The measured object 102 has a surface roughness Ra value of 0.05 (Ra), 0.1 (Ra), 0.2 (Ra), 0.4 (Ra), 0.8 (Ra) Body 102 or the object to be measured 102 whose surface roughness value is unknown.

The screen 114 is installed perpendicular to the path where the laser reflected light is reflected and traveled.

The screen 114 serves to form an image of the laser reflected light scattered in a specific area other than a specific point of the measured object 102. [

The screen 114 serves as a filter that removes noise in a high frequency region or a low frequency region of a specific frequency band and forms an image of a laser reflected light on the back surface of the screen 114 so that the image can be read by the camera unit 116.

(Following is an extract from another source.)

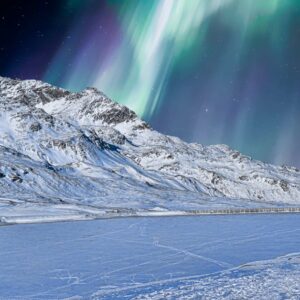 Snow Mountains - A stunning winter scene with snowcapped mountain #3025005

The screen 114 should have a refractive property so that the laser reflected light is not refracted while being transmitted.

The camera unit 116 is made up of a CCD sensor and reads an image of the laser reflected light formed on the back surface of the screen 114. The screen 114 may not be required if the screen 114 is not an essential component and the pattern of the laser reflected light by the camera section 116 can be incident without being refracted.

The camera unit 116 transmits the pattern of the reflected laser beam incident on the measured object 102 and reflected to the data processing apparatus 120.

The data processing apparatus 120 converts the pattern of laser reflected light into a digital signal using an apparatus such as an image grabber, and analyzes the surface pattern roughness of the measured object 102 by analyzing the pattern.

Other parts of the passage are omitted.